Considering I will be using one of the cores as the CPC. ( and its single phase )
does it count as 2 cores? ( which this is my understanding ) as there is only two cores that are 'live' or does it count as three core ( three phase)
As above, it is the number of live cores (i.e. current-carrying) as they are the contributors to the cable heating.

So in single-phase you have 2 cores carrying the current and heating the cable, in 3-phase you have 3 cores so you have 50% more heat. In order to keep the cable max temperature at the same limit (say 70C PVC or 90C XLPE) you need to reduce the heating by 2/3. As heat generated is I2R you have to reduce the current by SQRT(2/3) = 0.816

E.g. 71A single-phase * 0.816 = 57.97A = 58A as you find.

With 4-wire 3-phase you have other possibilities relating to the neutral heating but it won't really get above the 3-phase balanced case for any sane load (huge 3rd harmonic can heat the neutral significantly).

Also in some cases the reduction in current is not as much as 0.816 because the 3 or 4 core cable is significantly larger overall than 2 core and so able to dissipate heat better.

And if it is counted as three core, does that mean 60A fuse would be wrong and need to downsize accordingly perhaps to a 50A ? i mean 2 amps out is it that much of an issue considering?
Here it is OK as the 2-core limit applies.

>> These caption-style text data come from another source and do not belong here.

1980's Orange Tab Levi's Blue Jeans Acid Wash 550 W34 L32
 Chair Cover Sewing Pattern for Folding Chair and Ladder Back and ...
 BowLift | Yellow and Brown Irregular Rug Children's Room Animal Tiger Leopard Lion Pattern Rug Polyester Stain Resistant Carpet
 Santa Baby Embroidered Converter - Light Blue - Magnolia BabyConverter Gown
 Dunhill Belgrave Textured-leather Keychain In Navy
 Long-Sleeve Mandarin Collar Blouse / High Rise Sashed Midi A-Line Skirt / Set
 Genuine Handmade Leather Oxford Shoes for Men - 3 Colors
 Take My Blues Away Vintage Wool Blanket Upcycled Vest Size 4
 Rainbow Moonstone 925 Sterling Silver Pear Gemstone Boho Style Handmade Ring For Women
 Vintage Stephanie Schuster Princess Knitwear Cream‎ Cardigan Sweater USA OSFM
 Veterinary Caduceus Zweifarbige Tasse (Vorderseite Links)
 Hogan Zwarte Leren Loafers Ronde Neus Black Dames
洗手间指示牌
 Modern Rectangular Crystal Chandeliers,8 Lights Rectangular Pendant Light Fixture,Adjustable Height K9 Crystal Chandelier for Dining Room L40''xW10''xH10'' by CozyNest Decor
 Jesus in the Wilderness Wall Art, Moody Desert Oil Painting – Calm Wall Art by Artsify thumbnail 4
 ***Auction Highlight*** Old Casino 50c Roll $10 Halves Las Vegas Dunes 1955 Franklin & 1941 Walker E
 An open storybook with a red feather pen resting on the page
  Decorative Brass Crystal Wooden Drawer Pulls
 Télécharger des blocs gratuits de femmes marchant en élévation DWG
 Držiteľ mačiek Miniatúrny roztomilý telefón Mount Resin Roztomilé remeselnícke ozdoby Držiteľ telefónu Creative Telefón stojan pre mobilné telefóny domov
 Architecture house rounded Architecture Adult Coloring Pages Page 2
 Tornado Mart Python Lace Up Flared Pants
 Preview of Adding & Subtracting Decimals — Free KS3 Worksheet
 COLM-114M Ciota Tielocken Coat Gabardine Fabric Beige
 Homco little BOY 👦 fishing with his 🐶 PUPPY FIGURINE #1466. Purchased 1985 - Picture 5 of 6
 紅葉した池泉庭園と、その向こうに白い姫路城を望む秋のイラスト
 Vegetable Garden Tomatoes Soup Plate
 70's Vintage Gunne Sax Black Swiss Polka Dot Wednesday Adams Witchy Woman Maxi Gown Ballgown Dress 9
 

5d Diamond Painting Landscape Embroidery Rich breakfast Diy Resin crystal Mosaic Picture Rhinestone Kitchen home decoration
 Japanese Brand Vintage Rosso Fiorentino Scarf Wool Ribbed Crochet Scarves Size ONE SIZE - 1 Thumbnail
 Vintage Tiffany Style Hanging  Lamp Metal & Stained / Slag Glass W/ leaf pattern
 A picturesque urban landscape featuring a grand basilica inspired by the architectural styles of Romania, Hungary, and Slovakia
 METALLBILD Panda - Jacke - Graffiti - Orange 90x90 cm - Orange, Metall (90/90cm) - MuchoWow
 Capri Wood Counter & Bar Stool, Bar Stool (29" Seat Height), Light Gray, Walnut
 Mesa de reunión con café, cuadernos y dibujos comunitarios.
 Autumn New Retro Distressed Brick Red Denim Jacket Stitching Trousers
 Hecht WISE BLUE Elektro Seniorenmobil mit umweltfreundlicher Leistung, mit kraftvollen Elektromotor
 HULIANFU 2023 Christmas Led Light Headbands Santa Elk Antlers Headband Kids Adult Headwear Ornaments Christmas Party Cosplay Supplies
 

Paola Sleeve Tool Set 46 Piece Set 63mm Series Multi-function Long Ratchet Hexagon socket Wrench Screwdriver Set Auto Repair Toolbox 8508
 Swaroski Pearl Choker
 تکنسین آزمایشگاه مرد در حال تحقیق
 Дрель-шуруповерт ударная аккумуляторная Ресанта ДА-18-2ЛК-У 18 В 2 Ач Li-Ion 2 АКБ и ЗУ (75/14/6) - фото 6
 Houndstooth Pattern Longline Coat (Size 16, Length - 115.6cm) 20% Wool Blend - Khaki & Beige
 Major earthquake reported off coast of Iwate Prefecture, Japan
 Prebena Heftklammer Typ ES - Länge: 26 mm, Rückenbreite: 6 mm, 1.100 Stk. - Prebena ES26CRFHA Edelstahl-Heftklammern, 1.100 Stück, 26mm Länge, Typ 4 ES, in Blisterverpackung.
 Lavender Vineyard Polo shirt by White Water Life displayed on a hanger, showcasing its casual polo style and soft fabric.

However, in general you also need to be weary of using the highest 90C cable rating as then you need the termination accessories to be rated for 90C operations, and not all are. If you rely on the cable's 90C rating for sections that are more thermally insulated (e.g. some cable runs in an insulated wall, etc), but the end bits are below the 70C rating for the same CSA of conductor, you are fine as the ends will be cool enough for all normal accessories.